Getting the 95% charged battrey in the middle of its expected life to 100% charge, can require 4 more hours held at 14.5 volts.

I use an adjustble voltage power supply, modified with mroe ventilation heatsinking and better adjustment dial. i am oftern brougth batteries to 'recover', and watch voltmeters and ammeters and amp hour counters, and dip hydrometers often to see the results and gauge the health of the battery. So many of these batteries were placed on smart chargers before they were brough to me and their specific gravity was deep in the red and their smart charger would refuse to charge it for any longer. many of these batteries were unrecoverable, many accepted a lot of amp hours and returned to electrolyte levels in teh green and are still going a few years later.

I would recommend those with 'smart' chargers who want to get their batteries close as they can to 100% state of charge, apply a relatively load to the battery to drop the voltage to below 12.6( like headlights), then reattach the alligator clamps, plug in and restart the charger on the next lowest amperage setting, then remove the load. Lather rinse repeat. This might be effective, or it might not.

The truly 100% charged Lead acid battery, is a happy battery, and if regularly returned to 100% charged and living its life up in that range, will live a good long life, even in Southern Texas.

Living at lower states of charge is highly detrimental to Lead acid battery longevity and higher average temperatures of the battery exaserbate the capacity decline. The lower the average state of charge and the higher the average temperature the faster the battery deteriorates.

Do NOT assume your vehicle is trying to, or even capable of returning teh battery to 100% charged, even if one drives for 8 hours.
Anytime a jumpstart is required the battery should be brought to, the mid 14 volt range, and held there for several hours. it might take 12+ hours to bring the battery to the mid 14v range. that depends on teh amperage the chrging source is capable of delivering, and the voltage is is seeking to attain then hold.

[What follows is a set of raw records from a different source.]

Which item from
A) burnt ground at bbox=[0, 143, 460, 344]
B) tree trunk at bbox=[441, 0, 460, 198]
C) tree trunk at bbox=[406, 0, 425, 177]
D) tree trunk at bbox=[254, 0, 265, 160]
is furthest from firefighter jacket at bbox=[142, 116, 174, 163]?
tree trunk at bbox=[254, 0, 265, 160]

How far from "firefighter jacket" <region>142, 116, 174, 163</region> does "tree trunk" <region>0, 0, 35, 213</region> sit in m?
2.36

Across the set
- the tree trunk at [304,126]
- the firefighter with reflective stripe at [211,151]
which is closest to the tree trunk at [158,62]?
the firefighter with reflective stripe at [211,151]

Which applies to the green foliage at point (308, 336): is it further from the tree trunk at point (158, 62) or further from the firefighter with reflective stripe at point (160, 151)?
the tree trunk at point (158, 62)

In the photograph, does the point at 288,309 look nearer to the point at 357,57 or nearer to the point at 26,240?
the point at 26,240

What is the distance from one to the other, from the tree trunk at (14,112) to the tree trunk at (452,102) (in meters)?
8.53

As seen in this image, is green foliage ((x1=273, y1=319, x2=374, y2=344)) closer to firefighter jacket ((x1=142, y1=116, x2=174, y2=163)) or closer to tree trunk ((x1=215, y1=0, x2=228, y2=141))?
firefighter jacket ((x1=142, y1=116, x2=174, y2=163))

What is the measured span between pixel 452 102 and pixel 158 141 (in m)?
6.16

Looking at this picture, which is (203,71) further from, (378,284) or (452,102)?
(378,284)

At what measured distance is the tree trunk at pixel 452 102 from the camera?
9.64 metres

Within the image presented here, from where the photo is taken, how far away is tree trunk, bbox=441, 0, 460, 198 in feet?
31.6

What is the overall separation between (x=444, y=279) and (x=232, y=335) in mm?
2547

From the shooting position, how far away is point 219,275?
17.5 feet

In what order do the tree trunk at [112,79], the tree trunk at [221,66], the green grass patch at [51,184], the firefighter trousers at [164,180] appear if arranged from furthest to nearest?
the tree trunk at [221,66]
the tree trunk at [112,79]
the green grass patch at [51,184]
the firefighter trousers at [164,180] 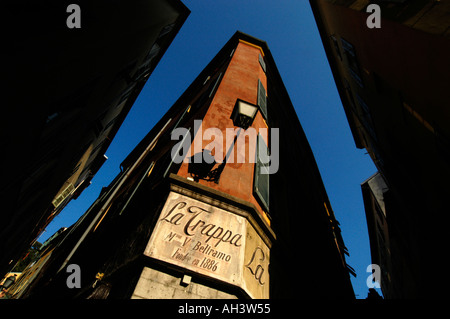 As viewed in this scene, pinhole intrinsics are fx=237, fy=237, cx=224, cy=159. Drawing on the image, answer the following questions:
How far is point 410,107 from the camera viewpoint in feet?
19.7

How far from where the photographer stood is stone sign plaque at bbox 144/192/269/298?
12.8 feet

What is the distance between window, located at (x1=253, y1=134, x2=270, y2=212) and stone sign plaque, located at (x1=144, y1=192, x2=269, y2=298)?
1.08 meters

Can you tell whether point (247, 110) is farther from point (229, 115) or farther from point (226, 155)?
point (226, 155)

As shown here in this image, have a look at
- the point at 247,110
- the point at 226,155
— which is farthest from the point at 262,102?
the point at 226,155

Do not asusme a 'trickle' charge is seeking mid 14 volts. Do not assume a trickle charger even has enough amperage available to bring a battery to 14.5v.

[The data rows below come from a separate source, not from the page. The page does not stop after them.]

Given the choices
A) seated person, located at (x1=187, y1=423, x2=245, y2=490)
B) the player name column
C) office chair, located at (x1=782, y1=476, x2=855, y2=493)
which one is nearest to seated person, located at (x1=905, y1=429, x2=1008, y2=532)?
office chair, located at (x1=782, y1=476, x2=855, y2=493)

A healthy battery when fully charged might require only 0.4 amps to be held at 14.5v, but a sulfated older battery with 1.5 amps applied constantly might never exceed 13.9v, no matter how long it is applied. I have one marine battery on its last legs where 5 amps cannot get it above 13.87v no matter how long it is applied. 1.5 amps cannot get it over 13.22.

The higher the voltage the more amperage is required to hold the battery there.
The less healthy battery will require more amperage to maintain the same voltage when near fully charged, compared to a more healthy one.
The less healthy depleted battery will rise in voltage faster with lesser amperage applied, than thehealthier battery.
The healthy depleted battery will accept more amperage and its voltage will rise slower, compared to one less healthy.
The vehicles voltage regulator controls how much amperage an alternator makes. This voltage varies greatly among different vehicles, and on the same vehicle depending on how long the engine has been running.

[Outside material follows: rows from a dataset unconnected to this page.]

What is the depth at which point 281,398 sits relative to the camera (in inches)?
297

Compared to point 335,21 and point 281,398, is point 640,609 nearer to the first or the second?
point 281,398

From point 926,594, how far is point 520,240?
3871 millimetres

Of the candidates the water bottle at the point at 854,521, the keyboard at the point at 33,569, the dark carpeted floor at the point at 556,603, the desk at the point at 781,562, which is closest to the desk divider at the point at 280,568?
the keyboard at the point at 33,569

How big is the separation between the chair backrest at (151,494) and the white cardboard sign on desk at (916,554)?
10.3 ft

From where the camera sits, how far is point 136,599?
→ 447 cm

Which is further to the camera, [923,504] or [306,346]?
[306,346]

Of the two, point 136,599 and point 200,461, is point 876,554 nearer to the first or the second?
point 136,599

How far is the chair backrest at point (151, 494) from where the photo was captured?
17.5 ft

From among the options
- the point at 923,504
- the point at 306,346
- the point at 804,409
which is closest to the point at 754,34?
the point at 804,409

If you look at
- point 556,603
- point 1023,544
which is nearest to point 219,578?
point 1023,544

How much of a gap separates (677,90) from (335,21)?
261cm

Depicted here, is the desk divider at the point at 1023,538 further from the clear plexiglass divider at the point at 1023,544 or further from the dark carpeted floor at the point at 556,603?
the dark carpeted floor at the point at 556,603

The battery accepts as much amperage as it wants at the voltage reaching its battery terminals.

How much amperage the battery 'wants' at a charging voltage, depends on its size and health and temperature and state of charge.
Every battery is different and will exhibit different behavior, as it ages.
"good enough' is Subjective. Opinion.

But a fact is the healthy lead acid battery canot be recharged from 80% to 100% in less than 3.5 hours, assuming a charging source is capable of holding mid 14 volt range, and the lead acid battery, ideally, always wants to be 100% charged, and kept cool.
 
Originally Posted by hallstevenson
Remember, the vast majority of people don't have battery chargers.

In the case of the Subaru test drive, well, if you hadn't stalled it, it would have been fine
grin.gif
grin.gif
If you didn't buy it, I suspect the battery would have a hard time starting it the next time someone tried too.

I saw a portable charger once at a dealer that was battery powered. I believe the idea was to just make sure that every car on the lot could start.